Now, she is here to play, by way of Slovakia with a two-year stay at San Bernadino Junior College in California.

“I came as an exchange student to learn better English and played volleyball on a rec team coached by the coach at San Bernadino,” Mojska said. He invited her to play for the varsity team.

“I was so excited to go to school in the U.S.,” Mojska said. “I like change and the challenges that come with it.”

When her coach suggested GW as a place with a good international affairs department, she jumped at the chance.

“I mean here the girls are so nice, and they work so hard,” Mojska said. “I love it.”

But she said she misses her family, and visits them in the summer and e-mails frequently.

“I want them to come to the United States for the first time for my graduation,” she said.

Mojska and Homan look forward to this season. Both speak with enthusiasm of the team’s prospects and the hopes that the student body will support them.

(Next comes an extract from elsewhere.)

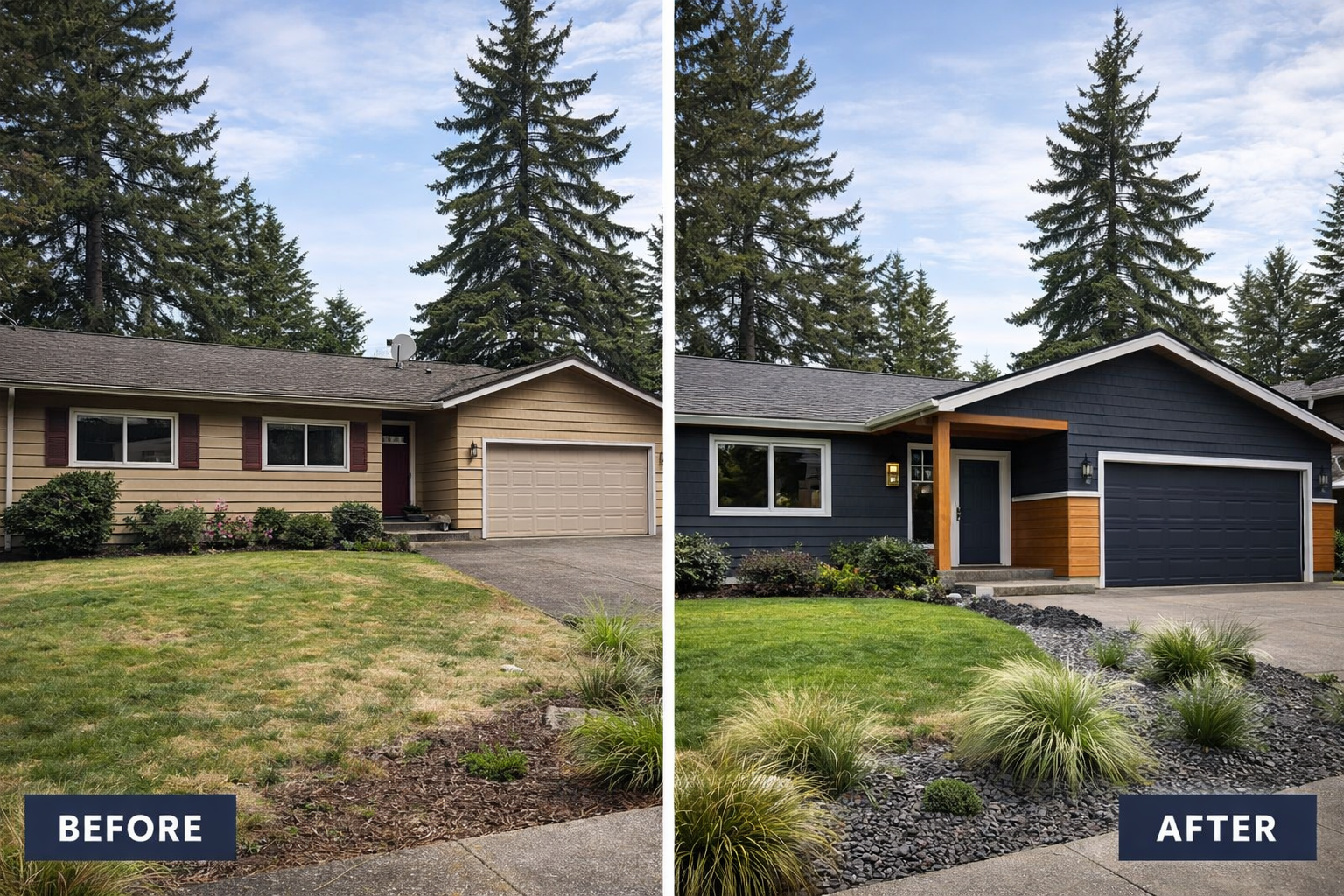 Before and after siding replacement: dated beige ranch house on the left, transformed to a modern dark charcoal and navy exterior with wood accent trim on the right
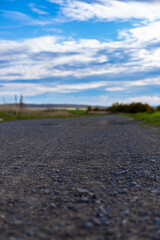 Macro image close to the ground , stones on a dirt road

“This team has the potential to win a conference championship and be one of the best GW has ever had,” Homan said. Both player and coach are complimentary of one another. Mojska spoke of the sound fundamental nature of her teammates and how they and the coach have made her feel at home. Homan said, so far, Mojska’s effort and hard work have been phenomenal.

Thursday afternoon Mojska was posing for pictures underneath an overcast sky at the front entrance of the Smith Center near some sunflowers.

“I hate taking pictures, because I can never smile long enough,” Mojska said, waving at friends as they entered the gym. “I had a cousin who was a model and quit because when she would read a book the other models would wonder what she was doing. Like all models are supposed to be stupid. I don’t blame her this taking pictures can get old.”

She smiled and looked away from the lens through the open doors of the gym toward the nets she knows so well. She stood calm and confident and it didn’t seem like she was far from home at all.